In a statement to the House of Commons, Mrs May made clear that the UK intends to honour the commitments it signed up to at the meeting in Canada, even after the US president dramatically repudiated them in an end-of-summit tweet.
While making no direct criticism of Mr Trump, Mrs May acknowledged that the summit had been “difficult” and told MPs she had expressed her “deep disappointment” at the “unjustified” imposition of tariffs on American imports of European steel and aluminium.
She left no doubt that EU nations will impose counter-measures on US goods in response, but cautioned against tit-for-tat retaliation which might lead to a trade war.
Mrs May pointedly voiced her support for the rules-based international order which some commentators have accused Mr Trump of putting at risk.
“This was a difficult summit, with at times some very candid discussions,” Mrs May told MPs. “But the conclusion I draw is that it is only through continued dialogue that we can find ways to work together to resolve the challenges we face.
“The countries round the G7 table have been pillars of the rules-based international order which has benefited all our citizens and, I believe, the world as a whole.
“The United Kingdom, with our allies and partners, will continue to play our part in promoting that order to the benefit of all.”
Shortly after the summit ended on Saturday, Mr Trump used Twitter to announce that he was ordering officials not to endorse the G7 communique agreed hours earlier by the US, UK, Canada, France, Germany, Italy and Japan.
His tweet, shortly after leaving Charlevoix in Quebec, came in response to what he claimed were “false statements” by the summit host, Canadian premier Justin Trudeau.
But Theresa May’s official spokesman left no doubt that the Prime Minister continues to regard the communique as binding on the US.
“The communique was agreed by all parties who attended G7,” the spokesman told a Westminster press briefing.
“We fully intend to honour it. We would hope that the US would similarly honour the commitments that they have made.”
Mrs May later said in her statement: “The UK fully intends to honour the commitments we have made.”
European Commission spokesman Margaritis Schinas used a Latin term “Pacta sunt servanda” - or “agreements must be kept” - as he made clear that Brussels expects Washington to honour its commitments.

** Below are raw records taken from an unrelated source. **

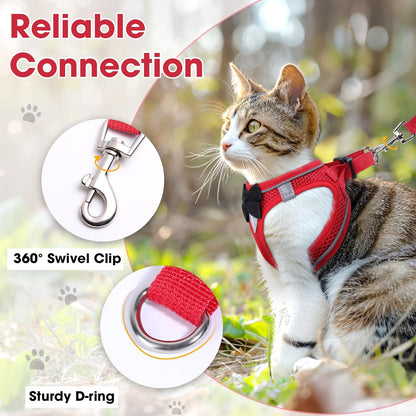 Cat Vest Harness and Leash Set for Walking, Escape Proof, Adjustable Kitten Harness, Breathable Mesh with Reflective Strips, Detective Conan-Inspired Design, Red, XS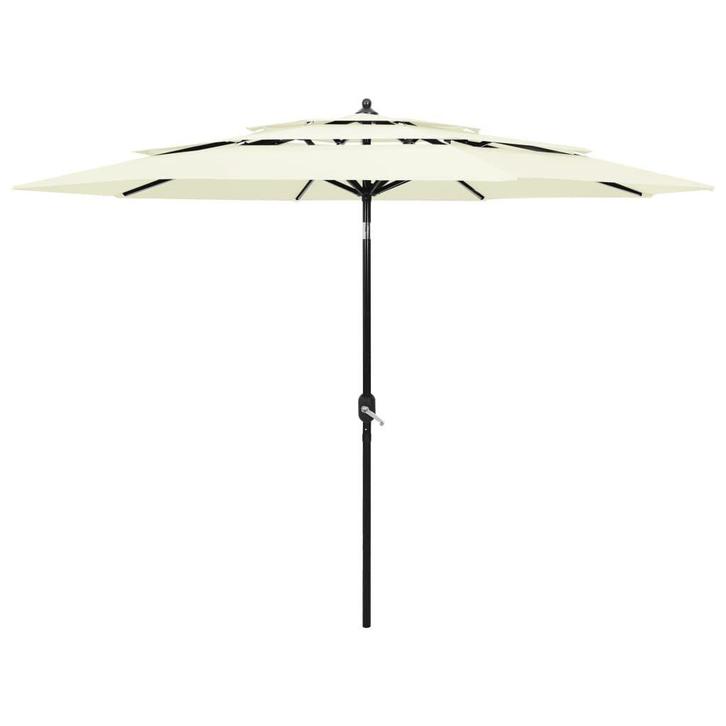 Parasol 3-laags Zand | OP = OP | Zonder Zorgen, Tuin en Terras, Parasols, 3 tot 4 meter, Kantelbaar, Nieuw, Stokparasol, Verzenden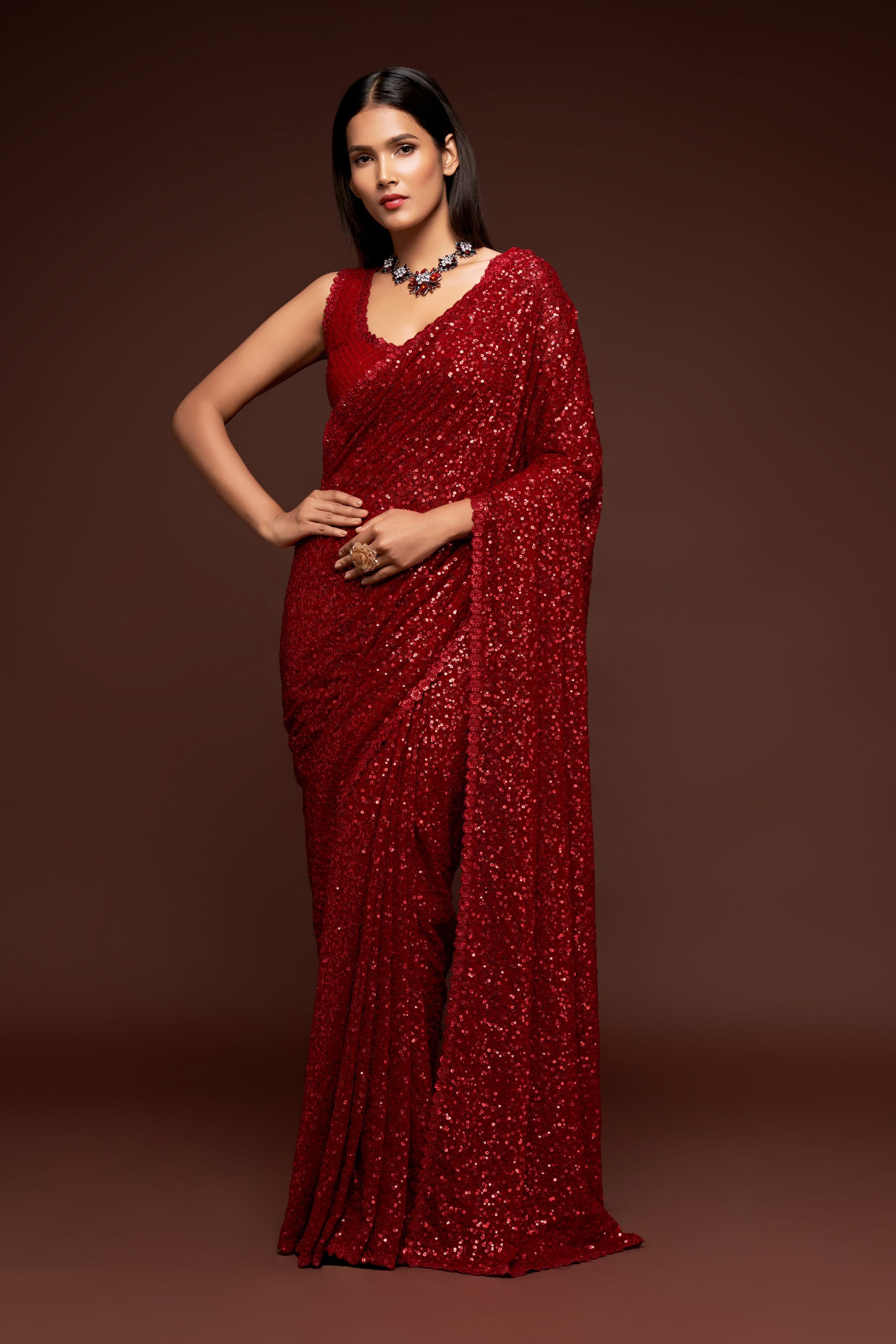 RUBY RED GEORGETTE Saree: Thread & Sequin Embroidery for Party & Wedding Wear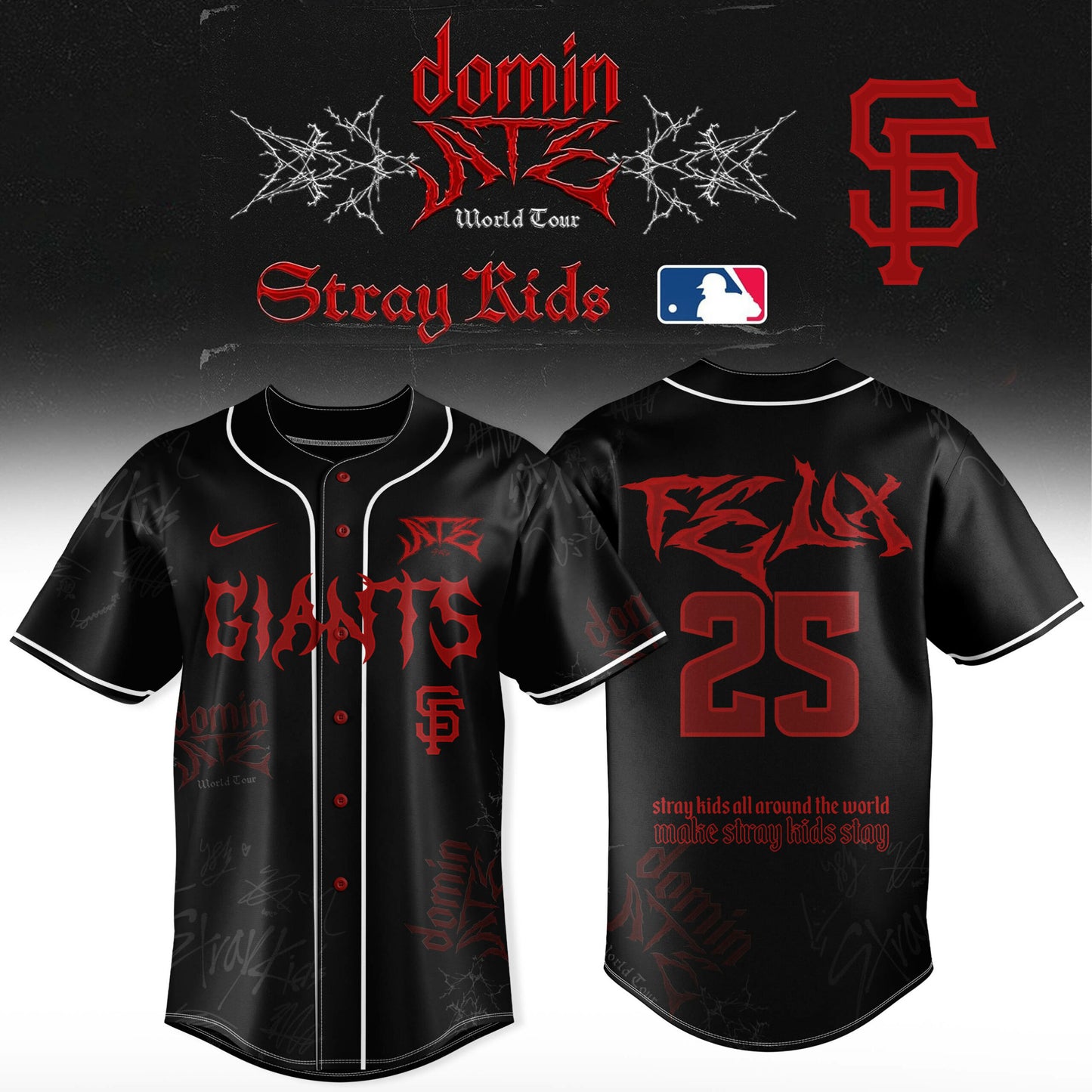 San Francisco Giants Baseball Jersey x Stray Kids – DominATE World Tour 2025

Mr Schinas told a Brussels press conference: “The EU stands fully behind the G7 communique agreed in Charlevoix.
“The European Union will continue to stand up for an international, rules-based, multilateral system.
“The European Commission sticks to the final declaration communique and will take all the necessary action at our level to achieve and promote the objectives set therein.
“For us, pacta sunt servanda. After two days of intense negotiations and an even longer preparatory process at sherpa level, the text reflects the values and policies that the EU stands for and that we will continue together with our partners to defend.”
During the summit, Mr Trump accused other states of “robbing” his country through their trade policies and proposed scrapping tariffs across the G7.
In his tweet after departing Charlevoix, he wrote: “Based on Justin’s false statements at his news conference, and the fact that Canada is charging massive Tariffs to our U.S. farmers, workers and companies, I have instructed our U.S. Reps not to endorse the Communique as we look at Tariffs on automobiles flooding the U.S. Market!”